De-sparsified lasso

From HandWiki
Short description: Generalized linear model

De-sparsified lasso contributes to construct confidence intervals and statistical tests for single or low-dimensional components of a large parameter vector in high-dimensional model.[1]

High-dimensional linear model

[math]\displaystyle{ Y = X\beta^0 + \epsilon }[/math] with [math]\displaystyle{ n \times p }[/math] design matrix [math]\displaystyle{ X =: [X_1,..., X_p] }[/math] ([math]\displaystyle{ n \times p }[/math] vectors [math]\displaystyle{ X_j }[/math]), [math]\displaystyle{ \epsilon \sim N_n(0, \sigma^2_\epsilon I) }[/math] independent of [math]\displaystyle{ X }[/math] and unknown regression [math]\displaystyle{ p \times 1 }[/math] vector [math]\displaystyle{ \beta^0 }[/math].

The usual method to find the parameter is by Lasso: [math]\displaystyle{ \hat{\beta}^n(\lambda) = \underset{\beta \in \mathbb{R} ^ p}{argmin} \ \frac{1}{2 n} \left\| Y - X \beta \right\| ^ 2 _ 2 + \lambda \left\| \beta \right\| _ 1 }[/math]

The de-sparsified lasso is a method modified from the Lasso estimator which fulfills the Karush–Kuhn–Tucker conditions[2] is as follows:

[math]\displaystyle{ \hat{\beta}^n(\lambda,M) = \hat{\beta}^n(\lambda) + \frac{1}{n} M X^T(Y- X \hat{\beta}^n (\lambda)) }[/math]

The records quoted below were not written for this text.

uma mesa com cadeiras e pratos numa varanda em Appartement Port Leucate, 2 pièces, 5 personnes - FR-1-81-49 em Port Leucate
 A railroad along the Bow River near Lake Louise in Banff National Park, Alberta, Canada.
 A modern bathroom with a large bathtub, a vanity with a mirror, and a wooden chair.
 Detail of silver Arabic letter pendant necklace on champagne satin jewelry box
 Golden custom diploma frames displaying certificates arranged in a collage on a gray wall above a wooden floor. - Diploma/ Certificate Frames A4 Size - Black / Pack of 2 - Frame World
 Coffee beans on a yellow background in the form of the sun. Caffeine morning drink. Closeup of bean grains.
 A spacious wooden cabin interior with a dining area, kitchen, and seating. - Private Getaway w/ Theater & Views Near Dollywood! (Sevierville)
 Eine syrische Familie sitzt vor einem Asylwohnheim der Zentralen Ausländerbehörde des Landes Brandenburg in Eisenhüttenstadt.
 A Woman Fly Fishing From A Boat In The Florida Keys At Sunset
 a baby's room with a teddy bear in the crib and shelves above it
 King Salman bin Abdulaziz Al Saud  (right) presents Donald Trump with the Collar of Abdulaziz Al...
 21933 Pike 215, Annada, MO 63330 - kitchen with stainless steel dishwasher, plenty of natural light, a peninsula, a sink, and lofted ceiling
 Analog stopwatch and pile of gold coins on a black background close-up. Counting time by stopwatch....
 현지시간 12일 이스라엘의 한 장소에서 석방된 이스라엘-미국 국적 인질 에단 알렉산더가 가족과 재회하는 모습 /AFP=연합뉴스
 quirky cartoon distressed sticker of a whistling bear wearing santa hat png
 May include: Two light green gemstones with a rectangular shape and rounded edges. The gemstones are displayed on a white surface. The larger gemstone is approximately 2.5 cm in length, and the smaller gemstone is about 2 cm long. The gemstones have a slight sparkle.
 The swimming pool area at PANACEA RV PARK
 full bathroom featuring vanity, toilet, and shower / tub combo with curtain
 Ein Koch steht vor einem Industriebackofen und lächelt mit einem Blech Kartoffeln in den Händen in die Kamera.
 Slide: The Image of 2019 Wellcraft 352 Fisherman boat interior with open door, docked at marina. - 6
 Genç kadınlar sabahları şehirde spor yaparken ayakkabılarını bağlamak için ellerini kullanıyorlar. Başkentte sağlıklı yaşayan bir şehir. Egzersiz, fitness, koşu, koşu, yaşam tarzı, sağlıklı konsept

where [math]\displaystyle{ M \in R ^{p\times p} }[/math] is an arbitrary matrix. The matrix [math]\displaystyle{ M }[/math] is generated using a surrogate inverse covariance matrix.

Generalized linear model

Desparsifying [math]\displaystyle{ l_1 }[/math]-norm penalized estimators and corresponding theory can also be applied to models with convex loss functions such as generalized linear models.

Consider the following [math]\displaystyle{ 1 \times p }[/math]vectors of covariables [math]\displaystyle{ x_i \in \chi\subset R^p }[/math] and univariate responses [math]\displaystyle{ y_i \in Y \subset R }[/math] for [math]\displaystyle{ i = 1,...,n }[/math]

we have a loss function [math]\displaystyle{ \rho_\beta(y,x) = \rho(y, x \beta) (\beta \in R^p) }[/math] which is assumed to be strictly convex function in [math]\displaystyle{ \beta \in R^p }[/math]

The [math]\displaystyle{ l_1 }[/math]-norm regularized estimator is [math]\displaystyle{ \hat{\beta}=\underset{\beta}{argmin}(P_n \rho_\beta + \lambda\left\| \beta \right\|_1) }[/math]

Similarly, the Lasso for node wise regression with matrix input is defined as follows: Denote by [math]\displaystyle{ \hat{\Sigma} }[/math] a matrix which we want to approximately invert using nodewise lasso.

The de-sparsified [math]\displaystyle{ l_1 }[/math]-norm regularized estimator is as follows: [math]\displaystyle{ \hat{\gamma_j}:= \underset{\gamma \in R^{p-1}}{argmin}(\hat{\Sigma}_{j,j} - 2 \hat{\Sigma}_{j,/j} \gamma + \gamma^T \hat{\Sigma}_{/j,/j} \gamma + 2 \lambda_j\left\|\gamma\right\|_1 }[/math]

where [math]\displaystyle{ \hat{\Sigma}_{j,/j} }[/math] denotes the [math]\displaystyle{ j }[/math]th row of [math]\displaystyle{ \hat{\Sigma} }[/math] without the diagonal element [math]\displaystyle{ (j,j) }[/math], and [math]\displaystyle{ \hat{\Sigma}_{/j,/j} }[/math] is the sub matrix without the [math]\displaystyle{ j }[/math]th row and [math]\displaystyle{ j }[/math]th column.

References

  1. Geer, Sara van de; Buhlmann, Peter; Ritov, Ya'acov; Dezeure, Ruben (2014). "On Asymptotically Optimal Confidence Regions and Tests for High-Dimensional Models". The Annals of Statistics 42 (3): 1162–1202. doi:10.1214/14-AOS1221. 
  2. Tibshirani, Ryan; Gordon, Geoff. "Karush-Kuhn-Tucker conditions". https://www.cs.cmu.edu/~ggordon/10725-F12/slides/16-kkt.pdf.